For a little more than six years the camp was left to its own devices, helped by regiments of weeds and young bushes, a healthy influx of wild life, several very hard winters and, so rumour had it, the occasional clandestine nocturnal use of bits of the domestic lines by amorous adventurers from as far away as the Black Country.
By 1950 the Cold War was warming up. The US and Britain on one side and the
USSR and China on the other were already sabre rattling over the two regimes
in Vietnam when the North Koreans invaded the South on 2nd June. The government
doubtless thought it was high time to increase UK strike power, there were plenty
of National Servicemen to draw upon, all they needed was training. As part of
the drive to increase available aircrew, No. 2 Air Signallers’ School
was brought into being to train National Service Air Signallers by means of
concentrated short courses. It needed a home and early in 1952 the Air Ministry
decided Halfpenny Green should be reopened at, so the locals believed, enormous
expense to the public purse. An advance party of one, Pilot Officer L.T. Adams,
arrived in March 1952 to take over from Constable Parry who was moved out of
his comfortable little room in the Station H.Q. block to eventually make way
for the Senior Secretarial Officer. Though that of course was not to happen
until a lot of the weeds had been banished, the wildlife routed out (apart from
a number of moles who decided to stay come what may) and the night-time visitors
had been severely discouraged. In no time at all the Ansons, this time Mk19,
were back.
Halfpenny Green’s second lease of life, under the command of Group Captain
M.K.D. Porter, did not last long, in spite of the injection of thousands of
tons of asphalt, a great deal of roofing material, completely re-surfaced runways,
enough paint to fill a lake and the installation of a brand new sewerage system.
But, as any ex-cadet signaller will tell you, it was fun while it lasted.
In the short span of its nineteen fifties lease of life, just eighteen months,
a flourishing football club and a fairly successful Rugby club came into existence,
a dramatic society was organised, and a quarterly magazine ran to a couple of
editions. But by September 1953 it was all over and Halfpenny Green was once
more deserted. But not for long. From Blackhill Plantation to the far meadows
of Saltershall farm the word quietly went round and the bunnies began to gather.

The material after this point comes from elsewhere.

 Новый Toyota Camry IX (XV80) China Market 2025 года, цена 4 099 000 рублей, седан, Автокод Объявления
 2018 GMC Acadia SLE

Within weeks they were once more in possession.
In 1961 Halfpenny Green Flying Club took over the field and hangers and by mid 1963 the domestic lines west of the airfield road had been sold for agricultural use. Most of the domestic buildings were demolished almost immediately. In 1964 commerce moved in when Enser Hall Ltd of Wolverhampton took over one of the hangers as an industrial storage unit, stacking it from floor to ceiling with large wooden crates of electrical goods and heat-proof glass, all very quiet and a very far cry from the roar of Armstrong Siddeley Cheetahs.
In 1967 the planning of a permanent airfield on the Halfpenny Green site was given official approval. There was an extended role outlined in a government White Paper in 2003 and the following year, under its new title ‘ Wolverhampton Airport’, Halfpenny Green took off into the twenty-first century as part of the City Hopper Airports Group.